Date | May 2021 | Marks available | 3 | Reference code | 21M.2.HL.TZ1.4 |
Level | Higher level | Paper | Paper 2 | Time zone | Time zone 1 |
Command term | Outline | Question number | 4 | Adapted from | N/A |
Question
Plasma cells secrete antibodies against specific antigens. Outline how plasma cells become activated.
A hybridoma is a cell produced by the fusion of a plasma cell with a tumour cell. Explain the advantages of using hybridoma cells in the production of monoclonal antibodies.
State one use of monoclonal antibodies.
Markscheme
a. macrophages/phagocytes recognize/engulf pathogen and display antigens ✔
b. antigen binds to T cell/helper T cell / antigen causes activation of T cell ✔
c. antigen binds to antibodies in membrane of B cells ✔
d. (activated) T cells activate B cells (that have the antigen bound to them) ✔
e. activated B cells divide to produce a clone of cells ✔
f. active plasma cells develop from the clone of cells/from activated B cells ✔
Accept B-lymphocyte and Tlymphocyte instead of B cell and T cell throughout the answer.
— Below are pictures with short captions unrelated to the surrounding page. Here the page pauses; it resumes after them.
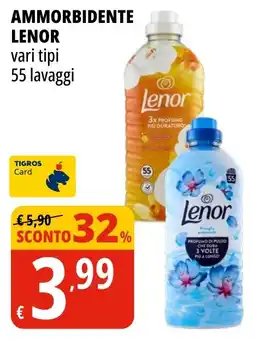 Tigros Ammorbidente Lenor offerta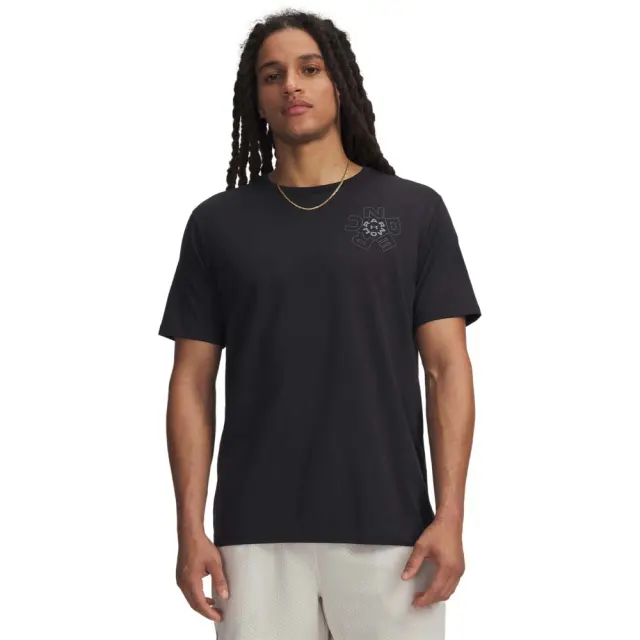 Under Armour Men's Radial Wordmark Shortsleeve T-Shirt Μαύρο 6009264-001 (Under Armour)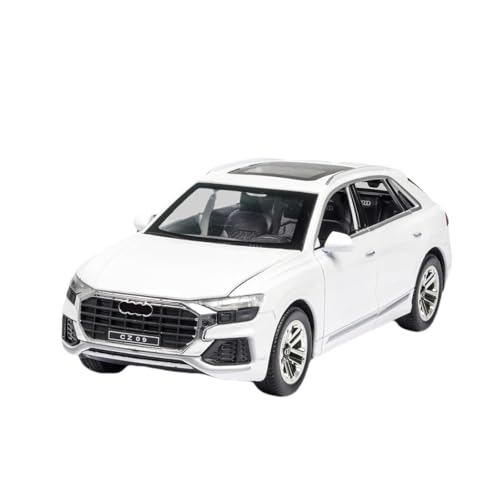 DADYA Maßstab 1/24 Für Q8-Legierung SUV-Automodell Metalldruckgussfahrzeuge Mit Ton Und Licht Pull Back-Geschenke(White,with Box) von DADYA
a. endless cell divisions/unregulated mitosis (in hybridoma cells) ✔
b. large clone/population of identical cells produced ✔
c. all cells (in clone) produce same type of antibody ✔
d. large amount of (chosen) antibody can be produced ✔
For mpa it must be clear that it is the hybridoma cells not tumour cells that divide endlessly and that division is more than just rapid.
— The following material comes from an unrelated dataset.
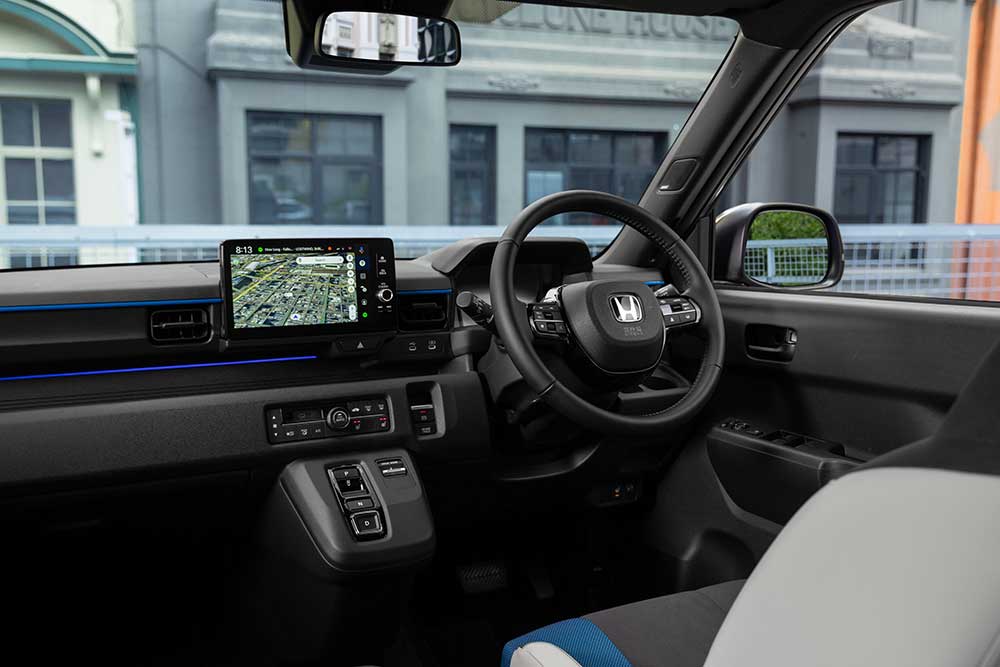 Honda Super ONE EV interior.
a. pregnancy testing kits/detection of hCG (to diagnose pregnancy) ✔
b. produce antibodies for treating arthritis/C.difficile/anthrax/psoriasis/ulcerative colitis/asthma/ankylosing spondylitis/Crohn’s disease/multiple sclerosis/HIV/other named disease if verified / targeting tumor cells in treatment of cancer
OR
gives artificial/passive immunity (if injected) ✔
c. blood typing/testing urine for drugs/other verified specific use of monoclonal antibodies ✔
Mark only the first answer.
Examiners report
Some explanations of the production of active plasma cells were excellent but weaker candidates were mostly very confused, with antigens and antibodies muddled up. Many candidates thought that plasma cells are already present and just need to be activated, rather than them being produced as a result of the activity of macrophages, T-cells and B-cells. There was too much focus on memory cells. The mean mark was low, 0.6 out of 3.
This was another low-scoring question for most candidates. Many did not understand well enough how hybridoma cells are produced. There was also a lack of distinction between rapid proliferation of cells and proliferation that continues indefinitely.